Pictures with short captions
========================
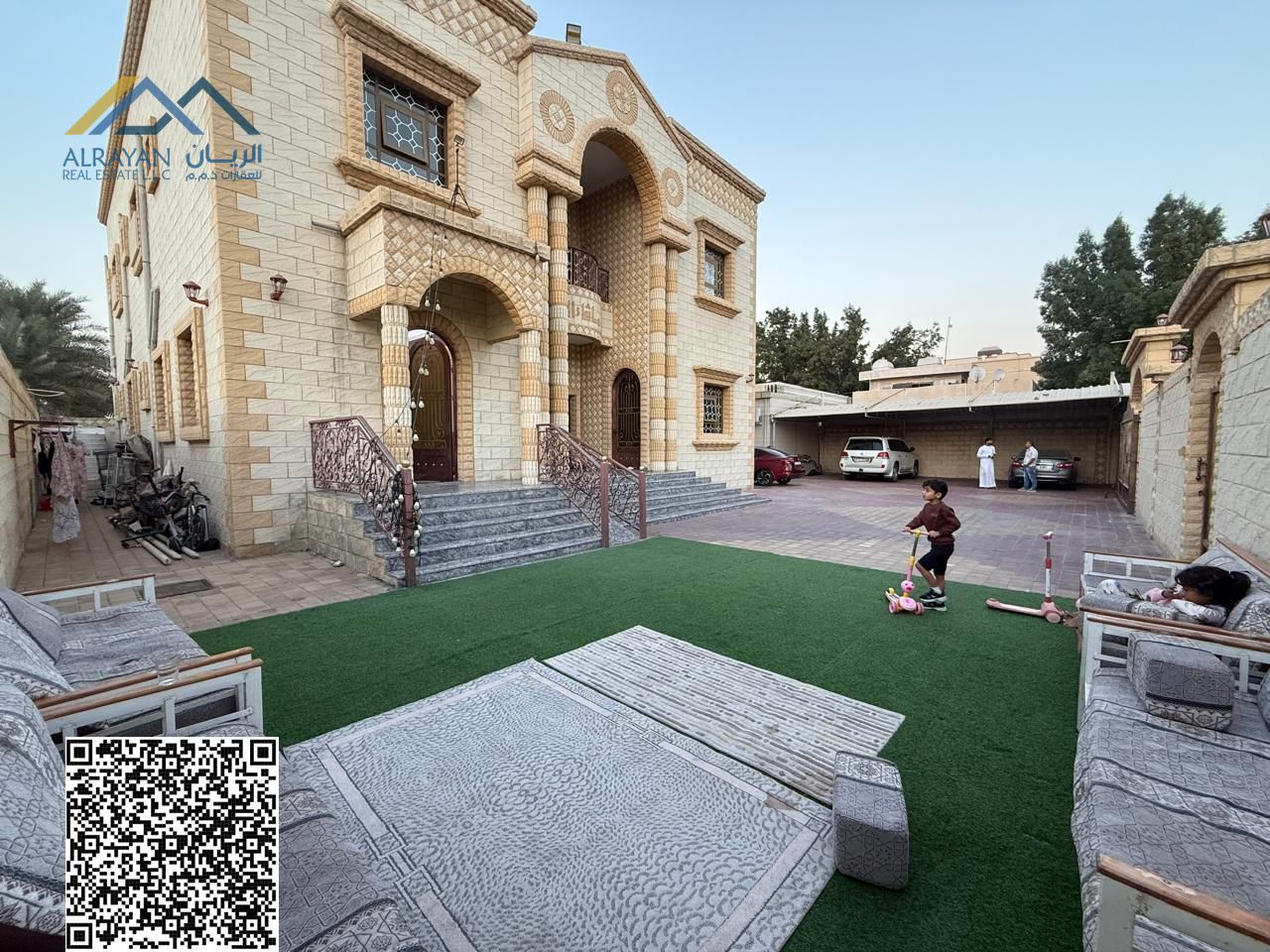 Electricity, water, and air conditioning included, directly from the owner.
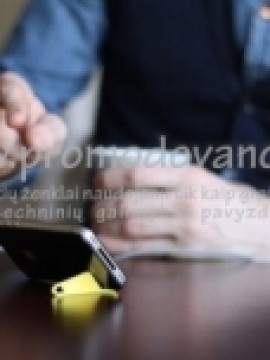 Raktų pakabukas-laikiklis telefonui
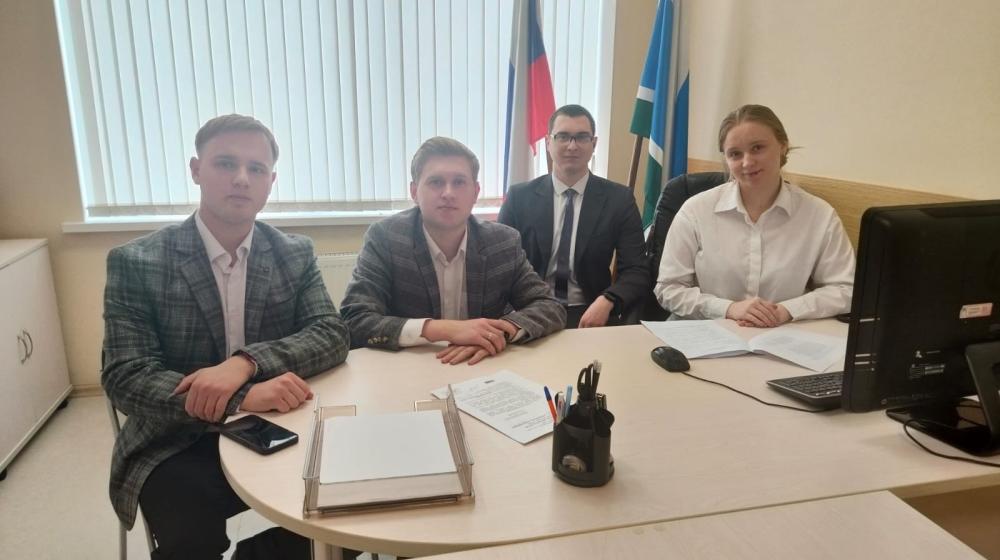 Представители Ленинского комсомола приняли участие в заседании Молодежного парламента при Государственной Думе
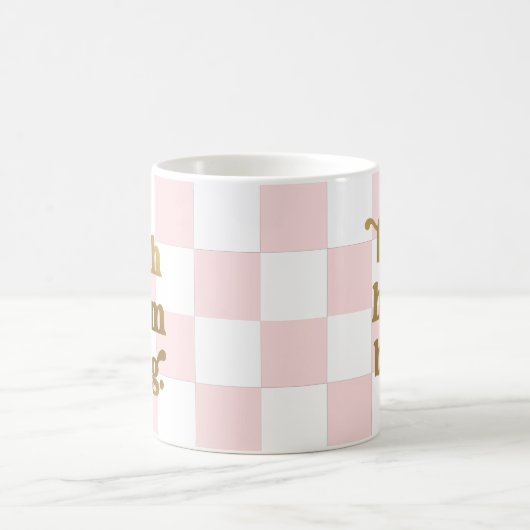 Funny Bah Humbug Typografie Checkered Pink Kaffeetasse (Mittel)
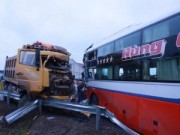 Tin tức - Nghệ An: Hai xe đối đầu, tài xế mắc kẹt trong cabin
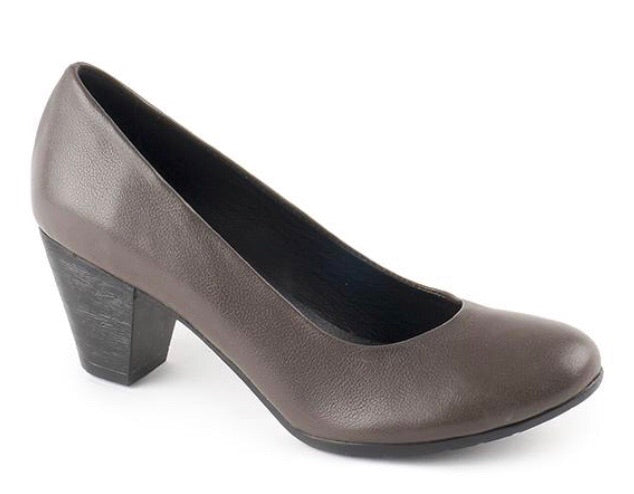 Bueno Perfect Pumps in Dark Grey Leather $129, Our Beautiful Price $99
========================
Repeat the records word for word and drop any pictures.

 Electricity, water, and air conditioning included, directly from the owner.
 Raktų pakabukas-laikiklis telefonui
 Представители Ленинского комсомола приняли участие в заседании Молодежного парламента при Государственной Думе
 Funny Bah Humbug Typografie Checkered Pink Kaffeetasse (Mittel)
 Tin tức - Nghệ An: Hai xe đối đầu, tài xế mắc kẹt trong cabin
 Bueno Perfect Pumps in Dark Grey Leather $129, Our Beautiful Price $99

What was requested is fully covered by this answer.